Severe winter weather raises all kinds of issues, not the least of which is what to make for dinner. Bad roads may require that we cook out of our pantries, and low temperatures fuel our desire for something warm and comforting. Luckily, CompuScripts Court Reporters has a recipe that meets both of those requirements. It’s a dish that our president, Debbie Dusseljee, has been preparing for years and serves with baby peas that are quickly cooked directly from the freezer. After demanding days of writing realtime and delivering expedited transcripts, it’s a favorite because this meal can be on the table in less than ten minutes. It can also be doubled or tripled, depending on your number of guests — or level of hunger!
Olive Oil and Hot Pepper Pasta
- 8 ounces dry pasta
- ¼ cup olive oil
- 1 T. minced garlic
- 1/8 t. crushed red pepper (or more, to taste)

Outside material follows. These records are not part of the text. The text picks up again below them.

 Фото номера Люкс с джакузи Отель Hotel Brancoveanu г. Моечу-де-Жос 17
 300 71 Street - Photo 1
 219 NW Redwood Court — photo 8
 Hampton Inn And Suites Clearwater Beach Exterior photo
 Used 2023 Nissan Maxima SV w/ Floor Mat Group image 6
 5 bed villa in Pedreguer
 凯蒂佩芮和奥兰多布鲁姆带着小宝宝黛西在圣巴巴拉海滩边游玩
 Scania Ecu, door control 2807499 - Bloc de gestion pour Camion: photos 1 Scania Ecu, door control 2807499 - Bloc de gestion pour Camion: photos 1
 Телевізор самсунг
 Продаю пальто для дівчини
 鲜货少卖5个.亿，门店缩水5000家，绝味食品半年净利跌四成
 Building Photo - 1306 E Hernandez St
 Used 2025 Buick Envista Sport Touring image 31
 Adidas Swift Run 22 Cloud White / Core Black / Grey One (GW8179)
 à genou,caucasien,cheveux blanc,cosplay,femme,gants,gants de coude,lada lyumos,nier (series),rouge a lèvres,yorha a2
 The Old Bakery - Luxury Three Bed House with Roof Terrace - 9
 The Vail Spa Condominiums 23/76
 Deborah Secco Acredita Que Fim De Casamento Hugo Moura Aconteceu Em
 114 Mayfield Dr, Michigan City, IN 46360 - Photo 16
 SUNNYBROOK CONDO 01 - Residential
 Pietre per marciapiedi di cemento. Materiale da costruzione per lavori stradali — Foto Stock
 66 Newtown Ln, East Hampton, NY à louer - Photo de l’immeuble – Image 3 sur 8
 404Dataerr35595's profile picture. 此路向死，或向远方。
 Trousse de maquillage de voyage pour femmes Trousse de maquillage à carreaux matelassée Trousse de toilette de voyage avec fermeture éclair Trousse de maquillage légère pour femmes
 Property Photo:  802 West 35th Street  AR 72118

- 1 T. chopped sundried tomatoes packed in oil (or tomato paste)
- ½ T. dried basil
- ½ T. dried parsley
- freshly grated Parmesan cheese
In a large pot of boiling salted water, cook pasta as directed. Meanwhile, in a skillet, warm olive oil over low heat and sauté garlic until translucent, about 5 minutes. Add crushed red pepper and sauté for an additional 30 seconds. Stir in sundried tomatoes, basil, and parsley and cook for 1 minute. Remove skillet from heat.
Drain the cooked pasta and toss with the olive oil and hot pepper mixture until the pasta is thoroughly coated. Top with grated cheese. Serves four as a starter or two as an entrée.
Recipe: Courtesy of Jean Henderson. Jean recommends experimenting with a small amount of crushed red pepper at first. The longer it cooks, the hotter the sauce!